**SUPPLIED MATERIAL:**
___
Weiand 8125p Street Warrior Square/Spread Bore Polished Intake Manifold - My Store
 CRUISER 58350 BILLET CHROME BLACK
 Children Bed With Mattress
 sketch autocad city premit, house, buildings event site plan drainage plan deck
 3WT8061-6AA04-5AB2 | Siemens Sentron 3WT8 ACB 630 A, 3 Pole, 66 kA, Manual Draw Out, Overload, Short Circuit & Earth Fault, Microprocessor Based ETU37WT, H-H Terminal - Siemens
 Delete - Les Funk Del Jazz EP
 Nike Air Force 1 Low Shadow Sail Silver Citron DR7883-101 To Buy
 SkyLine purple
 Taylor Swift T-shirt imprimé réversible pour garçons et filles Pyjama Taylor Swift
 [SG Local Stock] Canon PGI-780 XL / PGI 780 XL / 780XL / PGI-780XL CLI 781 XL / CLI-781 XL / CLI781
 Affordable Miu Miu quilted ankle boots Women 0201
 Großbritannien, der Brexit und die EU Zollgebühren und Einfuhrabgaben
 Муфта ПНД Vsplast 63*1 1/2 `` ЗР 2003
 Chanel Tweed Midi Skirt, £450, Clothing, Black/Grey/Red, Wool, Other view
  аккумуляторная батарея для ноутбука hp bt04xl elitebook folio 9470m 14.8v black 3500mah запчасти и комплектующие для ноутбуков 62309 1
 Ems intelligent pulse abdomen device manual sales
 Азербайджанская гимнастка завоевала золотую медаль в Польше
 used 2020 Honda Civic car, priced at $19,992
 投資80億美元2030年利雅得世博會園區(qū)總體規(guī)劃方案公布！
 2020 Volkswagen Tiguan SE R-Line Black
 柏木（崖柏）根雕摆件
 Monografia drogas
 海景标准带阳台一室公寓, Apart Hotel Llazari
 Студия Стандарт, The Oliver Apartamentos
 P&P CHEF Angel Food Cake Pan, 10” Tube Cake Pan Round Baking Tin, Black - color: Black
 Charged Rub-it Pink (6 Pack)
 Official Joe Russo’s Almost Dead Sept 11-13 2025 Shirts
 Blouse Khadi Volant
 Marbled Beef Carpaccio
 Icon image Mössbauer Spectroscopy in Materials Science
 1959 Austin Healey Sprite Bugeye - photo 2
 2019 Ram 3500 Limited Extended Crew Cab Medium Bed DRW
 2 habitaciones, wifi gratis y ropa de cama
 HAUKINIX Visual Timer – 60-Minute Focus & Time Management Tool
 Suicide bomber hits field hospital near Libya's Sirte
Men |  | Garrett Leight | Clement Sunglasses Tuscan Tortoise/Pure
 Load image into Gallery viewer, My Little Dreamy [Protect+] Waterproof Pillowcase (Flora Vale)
___
**YOUR OBJECTIVE:**
Without leaving anything out, output all of the data above exactly.

**RESULT FOR THIS TASK:**
Weiand 8125p Street Warrior Square/Spread Bore Polished Intake Manifold - My Store
 CRUISER 58350 BILLET CHROME BLACK
 Children Bed With Mattress
 sketch autocad city premit, house, buildings event site plan drainage plan deck
 3WT8061-6AA04-5AB2 | Siemens Sentron 3WT8 ACB 630 A, 3 Pole, 66 kA, Manual Draw Out, Overload, Short Circuit & Earth Fault, Microprocessor Based ETU37WT, H-H Terminal - Siemens
 Delete - Les Funk Del Jazz EP
 Nike Air Force 1 Low Shadow Sail Silver Citron DR7883-101 To Buy
 SkyLine purple
 Taylor Swift T-shirt imprimé réversible pour garçons et filles Pyjama Taylor Swift
 [SG Local Stock] Canon PGI-780 XL / PGI 780 XL / 780XL / PGI-780XL CLI 781 XL / CLI-781 XL / CLI781
 Affordable Miu Miu quilted ankle boots Women 0201
 Großbritannien, der Brexit und die EU Zollgebühren und Einfuhrabgaben
 Муфта ПНД Vsplast 63*1 1/2 `` ЗР 2003
 Chanel Tweed Midi Skirt, £450, Clothing, Black/Grey/Red, Wool, Other view
  аккумуляторная батарея для ноутбука hp bt04xl elitebook folio 9470m 14.8v black 3500mah запчасти и комплектующие для ноутбуков 62309 1
 Ems intelligent pulse abdomen device manual sales
 Азербайджанская гимнастка завоевала золотую медаль в Польше
 used 2020 Honda Civic car, priced at $19,992
 投資80億美元2030年利雅得世博會園區(qū)總體規(guī)劃方案公布！
 2020 Volkswagen Tiguan SE R-Line Black
 柏木（崖柏）根雕摆件
 Monografia drogas
 海景标准带阳台一室公寓, Apart Hotel Llazari
 Студия Стандарт, The Oliver Apartamentos
 P&P CHEF Angel Food Cake Pan, 10” Tube Cake Pan Round Baking Tin, Black - color: Black
 Charged Rub-it Pink (6 Pack)
 Official Joe Russo’s Almost Dead Sept 11-13 2025 Shirts
 Blouse Khadi Volant
 Marbled Beef Carpaccio
 Icon image Mössbauer Spectroscopy in Materials Science
 1959 Austin Healey Sprite Bugeye - photo 2
 2019 Ram 3500 Limited Extended Crew Cab Medium Bed DRW
 2 habitaciones, wifi gratis y ropa de cama
 HAUKINIX Visual Timer – 60-Minute Focus & Time Management Tool
 Suicide bomber hits field hospital near Libya's Sirte
Men |  | Garrett Leight | Clement Sunglasses Tuscan Tortoise/Pure
 Load image into Gallery viewer, My Little Dreamy [Protect+] Waterproof Pillowcase (Flora Vale)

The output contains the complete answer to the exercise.